• [Assignment]
From the listing below, work out how many lines contain "Cover". Reply with that number only.

• [The records]
····················

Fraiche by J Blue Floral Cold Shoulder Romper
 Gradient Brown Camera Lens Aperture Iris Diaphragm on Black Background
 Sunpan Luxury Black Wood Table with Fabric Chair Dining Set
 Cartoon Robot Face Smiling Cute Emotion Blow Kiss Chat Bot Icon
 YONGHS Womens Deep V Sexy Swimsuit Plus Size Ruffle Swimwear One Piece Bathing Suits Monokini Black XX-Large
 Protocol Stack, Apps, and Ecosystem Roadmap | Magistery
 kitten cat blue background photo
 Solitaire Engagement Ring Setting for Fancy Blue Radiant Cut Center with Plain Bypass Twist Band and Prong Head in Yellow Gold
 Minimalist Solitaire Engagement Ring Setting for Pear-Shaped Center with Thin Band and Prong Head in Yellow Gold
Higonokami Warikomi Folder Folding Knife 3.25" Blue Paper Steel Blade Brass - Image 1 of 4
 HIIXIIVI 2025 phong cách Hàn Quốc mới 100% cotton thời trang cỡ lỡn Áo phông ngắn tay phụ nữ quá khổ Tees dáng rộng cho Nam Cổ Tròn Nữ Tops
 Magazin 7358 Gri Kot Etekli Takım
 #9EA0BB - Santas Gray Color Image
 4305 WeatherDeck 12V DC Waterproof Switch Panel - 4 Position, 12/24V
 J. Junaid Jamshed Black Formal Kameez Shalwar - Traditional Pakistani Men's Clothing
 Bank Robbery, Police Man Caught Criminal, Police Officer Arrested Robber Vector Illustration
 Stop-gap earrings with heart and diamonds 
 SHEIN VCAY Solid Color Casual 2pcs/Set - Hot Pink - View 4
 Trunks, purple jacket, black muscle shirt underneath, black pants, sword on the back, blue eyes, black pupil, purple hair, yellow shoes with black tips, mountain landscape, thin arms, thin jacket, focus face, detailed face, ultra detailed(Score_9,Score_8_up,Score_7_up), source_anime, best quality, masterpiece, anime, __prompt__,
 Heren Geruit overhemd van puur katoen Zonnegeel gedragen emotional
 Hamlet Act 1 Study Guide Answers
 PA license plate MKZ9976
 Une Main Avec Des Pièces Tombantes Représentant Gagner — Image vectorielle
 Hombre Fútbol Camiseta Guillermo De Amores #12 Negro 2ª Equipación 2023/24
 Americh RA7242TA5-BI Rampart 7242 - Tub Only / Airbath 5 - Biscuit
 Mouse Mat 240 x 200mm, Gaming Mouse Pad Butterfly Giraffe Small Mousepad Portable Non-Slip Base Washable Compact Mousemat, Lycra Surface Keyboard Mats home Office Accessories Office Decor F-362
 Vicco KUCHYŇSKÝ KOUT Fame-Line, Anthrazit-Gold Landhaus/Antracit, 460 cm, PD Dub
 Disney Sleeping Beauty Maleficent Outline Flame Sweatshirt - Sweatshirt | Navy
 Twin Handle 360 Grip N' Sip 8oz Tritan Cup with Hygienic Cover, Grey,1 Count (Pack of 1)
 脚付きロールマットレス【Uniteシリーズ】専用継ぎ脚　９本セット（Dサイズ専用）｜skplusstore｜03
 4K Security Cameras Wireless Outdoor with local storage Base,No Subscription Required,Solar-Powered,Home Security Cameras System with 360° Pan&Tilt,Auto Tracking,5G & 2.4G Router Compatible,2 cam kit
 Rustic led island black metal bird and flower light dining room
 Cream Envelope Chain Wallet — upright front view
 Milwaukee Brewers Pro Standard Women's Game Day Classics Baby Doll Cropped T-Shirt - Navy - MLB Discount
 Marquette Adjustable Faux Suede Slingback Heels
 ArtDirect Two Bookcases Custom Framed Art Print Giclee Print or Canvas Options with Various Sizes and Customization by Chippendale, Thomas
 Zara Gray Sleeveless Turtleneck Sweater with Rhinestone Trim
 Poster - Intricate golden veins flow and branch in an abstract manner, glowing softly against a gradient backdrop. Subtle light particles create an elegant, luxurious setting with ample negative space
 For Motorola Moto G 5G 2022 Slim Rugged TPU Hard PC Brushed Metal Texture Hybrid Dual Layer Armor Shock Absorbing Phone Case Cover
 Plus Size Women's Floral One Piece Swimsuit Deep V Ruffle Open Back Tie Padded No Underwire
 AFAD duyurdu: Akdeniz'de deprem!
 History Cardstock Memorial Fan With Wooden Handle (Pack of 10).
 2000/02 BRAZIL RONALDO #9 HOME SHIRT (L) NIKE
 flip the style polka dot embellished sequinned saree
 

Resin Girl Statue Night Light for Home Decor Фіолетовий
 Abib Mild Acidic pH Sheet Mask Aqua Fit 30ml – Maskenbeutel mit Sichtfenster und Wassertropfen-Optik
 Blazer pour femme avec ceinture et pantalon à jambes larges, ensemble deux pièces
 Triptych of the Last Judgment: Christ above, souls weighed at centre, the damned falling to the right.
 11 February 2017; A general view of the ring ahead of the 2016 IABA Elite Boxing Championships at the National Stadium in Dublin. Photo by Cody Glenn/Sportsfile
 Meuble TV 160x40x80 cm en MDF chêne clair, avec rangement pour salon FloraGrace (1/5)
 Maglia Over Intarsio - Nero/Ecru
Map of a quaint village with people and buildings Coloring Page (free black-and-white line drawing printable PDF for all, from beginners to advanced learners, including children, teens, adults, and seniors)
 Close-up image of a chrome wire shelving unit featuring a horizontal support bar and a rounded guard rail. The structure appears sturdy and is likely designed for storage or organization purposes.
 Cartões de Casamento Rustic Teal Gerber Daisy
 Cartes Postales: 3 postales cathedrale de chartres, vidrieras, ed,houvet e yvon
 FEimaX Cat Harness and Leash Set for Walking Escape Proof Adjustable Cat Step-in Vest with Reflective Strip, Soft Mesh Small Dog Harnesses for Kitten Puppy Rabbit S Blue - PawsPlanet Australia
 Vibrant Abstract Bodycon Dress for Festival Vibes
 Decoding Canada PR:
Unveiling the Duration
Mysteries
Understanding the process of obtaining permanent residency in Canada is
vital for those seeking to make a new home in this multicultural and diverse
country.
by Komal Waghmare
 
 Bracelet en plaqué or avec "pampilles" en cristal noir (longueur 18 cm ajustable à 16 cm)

····················

• [Solution for this problem]
2